Third, the short-circuit protection has no self-recovery: (1). The IC used in the design does not have self-recovery functions, such as G2J, G2Z, etc. (2). The instrument is set to short-circuit recovery time is too short, or the load is not removed when the short-circuit test is performed. If the short-circuit test pen is short-circuited with the multimeter voltage file, the test pen is not removed from the test end (the multimeter is equivalent to a negative of several megabytes) (3). P+, P- leakage, such as rosin with impurities between the pads, yellow plastic with impurities or P+, P- capacitance is broken, ICVdd to Vss is broken down. (The resistance is only A few K to a few hundred K). 4. If there is no problem above, the IC may be broken down, and the resistance between the IC pins can be tested.

Fourth, the internal resistance is large: (1) since the MOS internal resistance is relatively stable, it appears In the case of large internal resistance. The first thing to suspect is that the internal resistance of FUSE or PTC is relatively easy to change. (2) If the resistance of FUSE or PTC is normal, the P+, P-pad and components are detected by the protection board structure. The value of via hole between the faces may cause a micro-break phenomenon in via hole and a large resistance value. (3) If there is no problem with the above, it is necessary to doubt whether the MOS is abnormal: first determine whether there is any problem with the welding; secondly, the thickness of the board (whether it is easy to bend), because the bending may cause abnormalities in the soldering of the pin; then the MOS tube Place it under the microscope to see if it breaks. Finally, use a multimeter to test the resistance of the MOS pin to see if it is broken down.

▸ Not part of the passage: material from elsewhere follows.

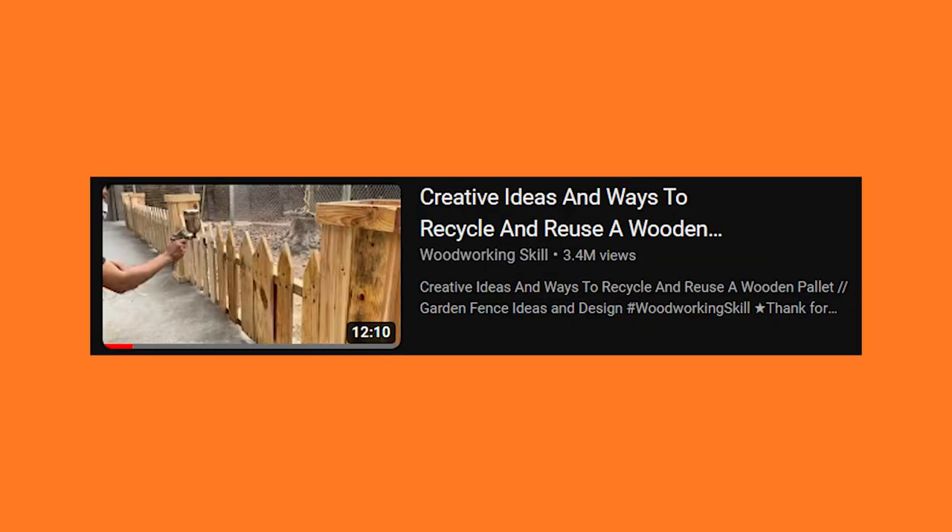Alright guys, today's video is titled 'Creative Ideas and Ways to Recycle and Reuse a Wooden Pallet: Garden Fence Ideas and Design by the Woodworking Skill Channel.' Pallet fences are always interesting. It seems like people spend more time and energy trying to save money by using pallets than just building the fence, even with cheap pre-made panels or something like that.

Fifth, ID anomaly: (1) The ID resistance itself is abnormal due to the virtual welding or the resistance material is not closed: the two ends of the resistor can be re-welded. If the ID is normal after re-welding, the resistance is weak soldering. If it is broken, the resistance will be cracked from it after re-welding. (2) ID via is not conductive: You can test both ends of via with a multimeter. (3)There is a problem in the internal circuit: the solder resist can be scraped off to see if the internal circuit is disconnected or short-circuited.

The page contains the contents of the machine translation.